2. The accessible pedestrian pushbutton station of claim 1 wherein the plunger is resiliently mounted for reciprocal axial movement.

3. The accessible pedestrian pushbutton station of claim 2 wherein the pressure transfer member is configured so that, when the plunger is moved to the engaged position, the pressure exerted by the stem bumper on the stem bumper contact point will cause the offset bumper to move axially a greater distance than the stem bumper contact point.

4. The accessible pedestrian pushbutton station of claim 3 wherein the pressure transfer member comprises an elongate spring actuator having a first end and a second end, wherein the offset bumper is supported on the second end.

5. The accessible pedestrian pushbutton station of claim 4 wherein the pressure transfer member further comprises a spine, wherein the spring actuator projects transversely from the spine.

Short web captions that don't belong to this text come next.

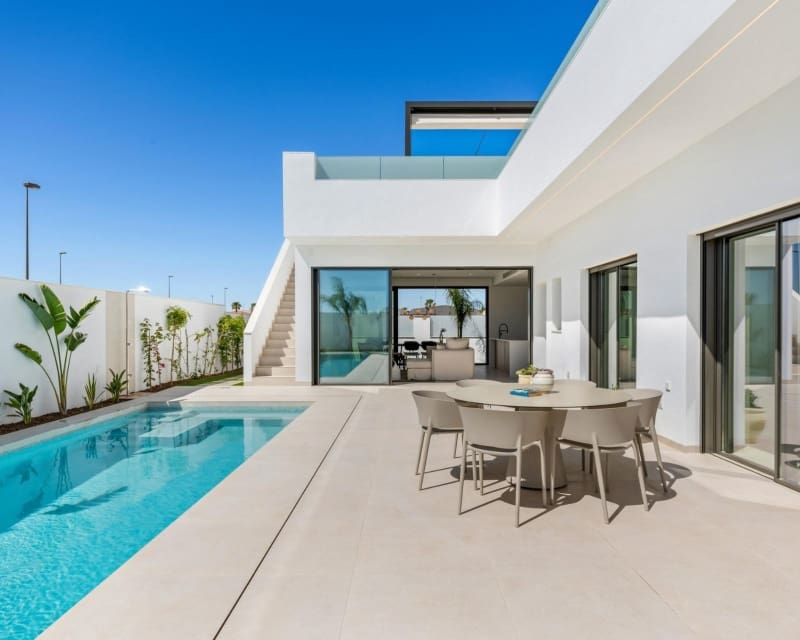 Chalet de 3 habitaciones en Los Alcázares en venta con piscina - 689.900 € (Ref: 9496987)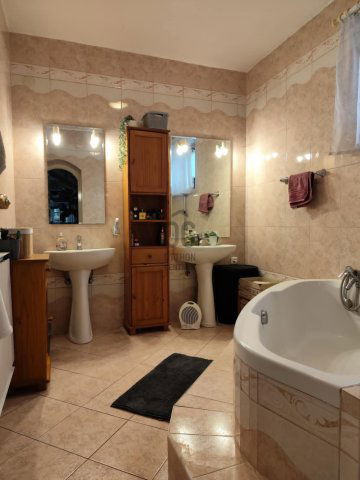 Eladó családi ház, Sátorhelyen 91 M Ft, 4 szobás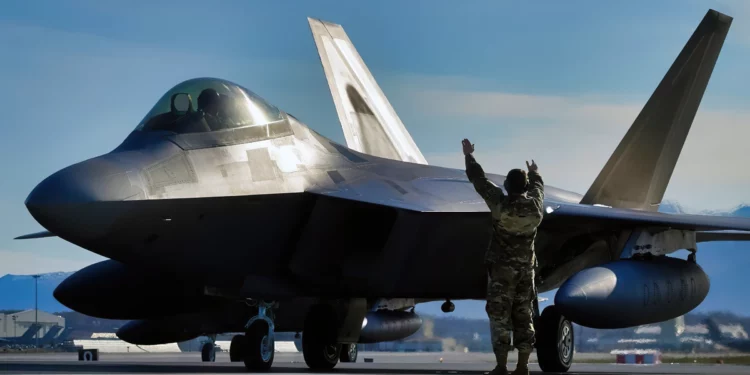 F-22 Raptor: Su impresionante capacidad furtiva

6. The accessible pedestrian pushbutton station of claim 5 wherein the pressure transfer member further comprises first and second side projections, one extending from the spine on each side of the spring actuator and being generally parallel thereto.

7. The accessible pedestrian pushbutton station of claim 6 wherein the housing further comprises a strain relief cover defining an annular piezo support shoulder configured to contain the piezo bender, wherein each of the side projections on the pressure transfer member has a free end with a mounting tab thereon, wherein the pressure transfer member further comprises a mounting tab on the spine, and wherein the strain relief cover comprises slots for receiving the mounting tabs on the spine and the side projections, whereby the spring actuator is suspended between the stem bumper and the piezo bender.